Une curieuse fuite révèle qu'un organe d'espionnage chinois a ciblé des Français
Des centaines de documents chinois ont été exposés sans raison apparente le 18 février dernier sur Github, une plateforme publique pour les développeurs.
Les analyses des entreprises de cybersécurité SentinelOne et Malwarebytes ont constaté qu'I-Soon développe des logiciels capables de compromettre des appareils fonctionnant sur Windows, macOS, Linux, iOS et Android. Le programme d'attaque sur Android peut apparemment récupérer et envoyer tout l'historique de messagerie d'un utilisateur à partir d'applications de chat chinoises, ainsi que Telegram.
L'équipe chinoise affirme avoir accédé à des services gouvernementaux en Inde, en Thaïlande, au Vietnam et en Corée du Sud, et dans un système de l'OTAN. Du matériel d'espionnage pour corrompre des accès wifi a également été révélé.
Des outils pour espionner les mails et les appels
Le hacker éthique Baptiste Robert, à la tête de la société Predicta lab, s'est penché sur cette fuite et nous apprend que le fameux « Shutdown » est un ancien de l'armée chinoise. « Il a monté une équipe d'une trentaine de hackers et d'ingénieurs pour chercher des failles zéro-days (des vulnérabilités non découvertes) pour le compte de la Chine. Ils ont des outils pour répliquer une boite mail, récupérer des appels et ensuite faire l'analyse des conversations », nous explique l'expert en cyber. « Les deux fondateurs de I-Soon ont laissé des traces publiques, comme des comptes Twitter ou Linkedin. On a même retrouvé une adresse mail », ajoute-t-il.
Baptiste Robert les rapproche d'un groupe de hackers chinois APT41, aussi connu sous le nom de Double Dragon, dont plusieurs membres sont recherchés par le FBI.
Dans l'un des documents publiés sur Github, on peut trouver une liste cible à espionner. Deux noms français apparaissent, Jean-Louis Rocca et Vincent Fertey.

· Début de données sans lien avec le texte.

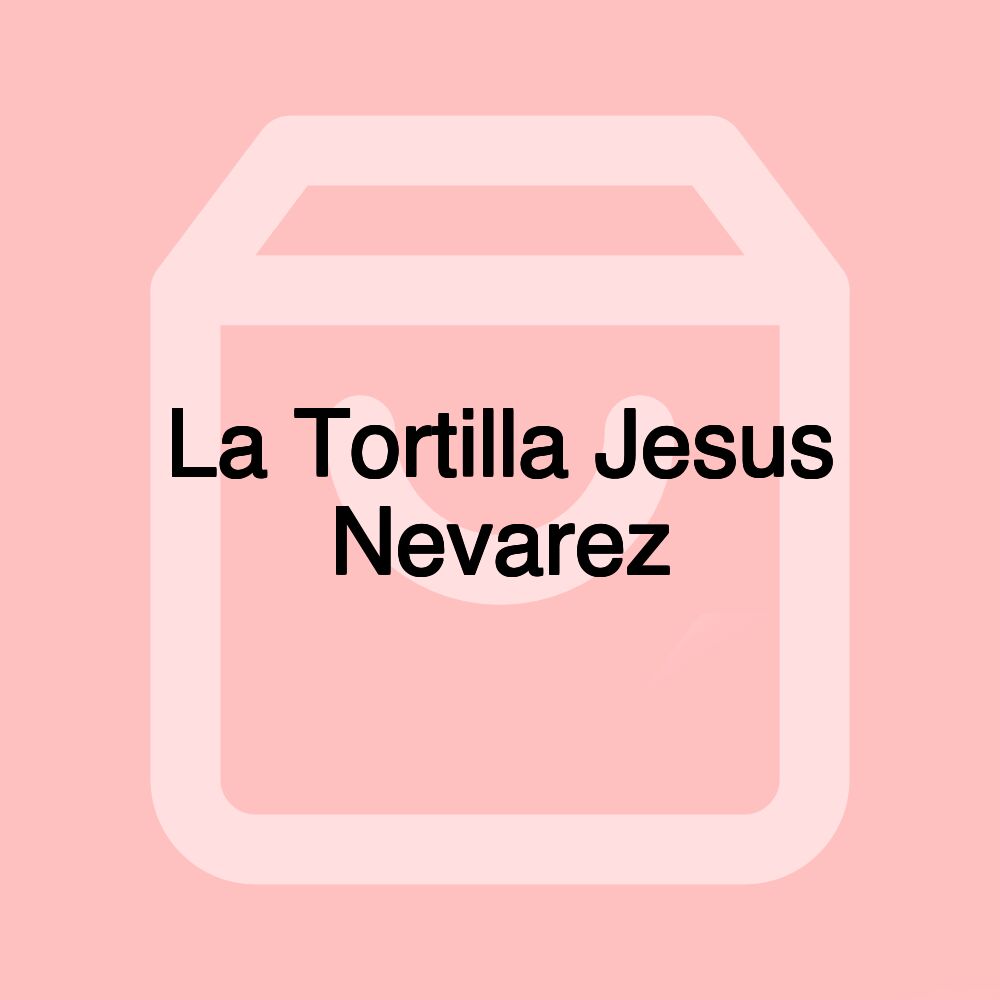 La Tortilla Jesus Nevarez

Le premier est un célèbre chercheur sur la Chine à Science-Po, le second est l'ancien directeur de Sciences-Po Paris, campus du Havre. « Cela n'a rien d'étonnant, on sait que la Chine cible depuis longtemps des chercheurs qui travaillent sur la Chine », ajoute Baptiste Robert.
Qui est à l'origine de cette fuite de données
Comment une base de données aussi sensible a pu se retrouver dans une plateforme ouverte à tous ? « Il y a une intention de nuire, ce ne peut pas être un accident », affirme Thomas Segura, expert en cyber pour l'entreprise GitGuardian. « La fuite n'a pas été publiée sur un obscur forum du darknet où trainent les initiés et les hackers, mais sur un site où tout le monde peut accéder. Cela signifie qu'il y a une volonté d'exposer leur activité, plutôt que de revendre des données comme le font généralement les cybercriminels ».
Fuite interne ? Coup d'éclat du renseignement américain ? Rien ne peut être confirmé, mais il est certain que ce fichier sera analysé jusqu'à la dernière ligne de code par tous les organes de cyberdéfense.